Gunmen storm Iraqi TV station, kill 11
It's the most deadly attack on media in Iraq. The new station hadn't started full broadcasts.
By ASSOCIATED PRESS
Published October 13, 2006
BAGHDAD - Suspected Shiite militiamen, some dressed as police, broke into a television station and gunned down 11 Iraqi executives, producers and other staffers Thursday - the deadliest attack against the media in this country, where at least 81 other journalists have been killed in the past three years.
The station, Shaabiya, was new and had not started full broadcasting. So far it had aired only test programming of nationalist songs, including ones against the U.S. military presence in Iraq. That may have led Shiite militiamen to suspect it of a pro-Sunni ideology.
The brazen, morning attack underlined the danger for the media in a country where causing offense to one side or another can be a death sentence - either by Sunni insurgents or the Shiite and Sunni death squads behind sectarian violence.
In another attack on Iraqi media, the body of a Kurdish radio reporter was identified at the Baghdad morgue. Azad Mohammed Hussein, 29, was kidnapped in the capital Oct. 3 while on his way to Dar al-Salam radio headquarters. His body was found Tuesday.
At least 51 journalists - mostly Iraqis - have been kidnapped in Iraq, according to Reporters Without Borders, a Paris journalist watchdog group. The latest was the editor of weekly magazine Nabd al-Shabab, abducted Monday on the way to work.

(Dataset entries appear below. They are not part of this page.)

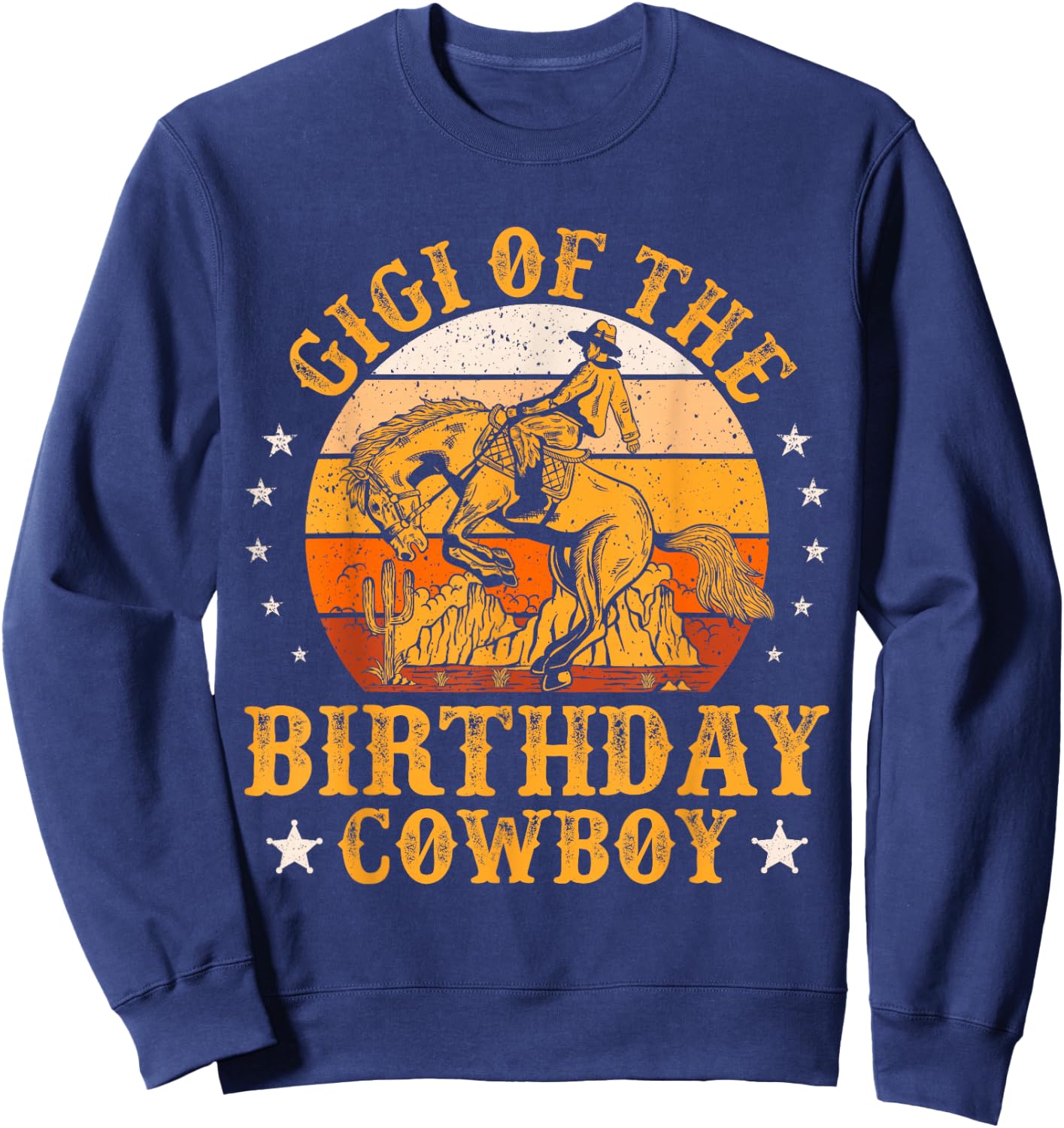 Gigi of The Birthday Cowboy 1st Rodeo Bday Party Matching Sweatshirt - Sweatshirt | Navy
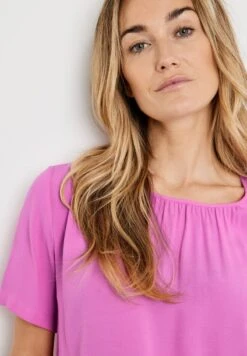 Gerry Weber KURZARM MIT KRÄUSELFALTEN - Bluse - Peony -Dein Mode Laden 71da5b3930124427a1efd861469b9961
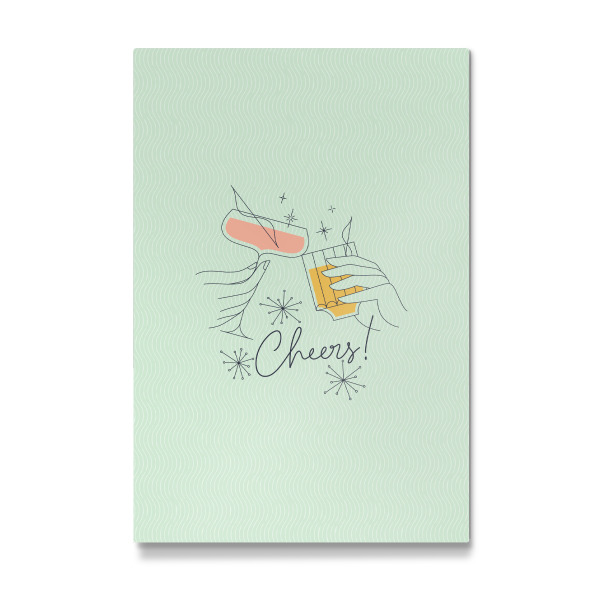 Galerie-Print "Anstoßen mit grünen Gläsern" 75x50 cm artboxONE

About two dozen gunmen, some in police uniform, pulled up to the Shaabiya offices at 7 a.m. Thursday in civilian cars, stormed into the building and killed most of those inside, said the station's executive director, Hassan Kamil, who was not there.
Staff members had been working around the clock to get the station ready to begin broadcasting in mid October. As a result, many people were in the office, some still sleeping at the time of the attack.
The gunmen fired some 100 shots, Kamil said. But survivors reported not hearing any shots and no windows were damaged, suggesting the attackers may have used silenced pistols and killed their victims at close range, he said.
After the attack, blood stained the polished floors of the station building, which housed Shaabiya's studio and offices, and pistol bullet casings lay scattered around.
Among the dead were the station's chairman of the board, Abdul-Raheem Nasrallah, along with station technicians and two guards, Kamil said. Several employees managed to run away, and there were two wounded survivors - the program director and chief producer - who were in critical condition.
Kamil said that he could not speculate on who was behind the attack and that the station had received no threats. He insisted the station had no sectarian bent and pointed out that the staff was a mixture of Shiites, Sunnis and Kurds.
But there were signs Shiite militiamen were behind the assault. Many kidnap-slaying of Sunnis have been carried out by gunmen in police uniforms and Sunnis accuse the mainly Shiite police force of helping the death squads.